#### WHAT TO WORK ON
Scan the records beneath this line for the line holding "Coated Tom Batter" and the line holding "- Sanary Tourisme", then transcribe exactly those two and all lines between.

#### ENTRIES PROVIDED
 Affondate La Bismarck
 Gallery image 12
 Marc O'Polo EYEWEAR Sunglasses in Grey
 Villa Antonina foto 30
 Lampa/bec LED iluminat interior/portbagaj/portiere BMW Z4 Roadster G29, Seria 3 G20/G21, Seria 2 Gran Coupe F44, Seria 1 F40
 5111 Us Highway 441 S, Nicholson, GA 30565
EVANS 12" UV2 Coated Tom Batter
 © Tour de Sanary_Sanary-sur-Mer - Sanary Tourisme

* * *

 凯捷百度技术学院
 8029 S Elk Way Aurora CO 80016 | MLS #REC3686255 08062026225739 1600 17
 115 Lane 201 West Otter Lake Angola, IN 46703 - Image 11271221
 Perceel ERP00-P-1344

#### THE ANSWER
EVANS 12" UV2 Coated Tom Batter
 © Tour de Sanary_Sanary-sur-Mer - Sanary Tourisme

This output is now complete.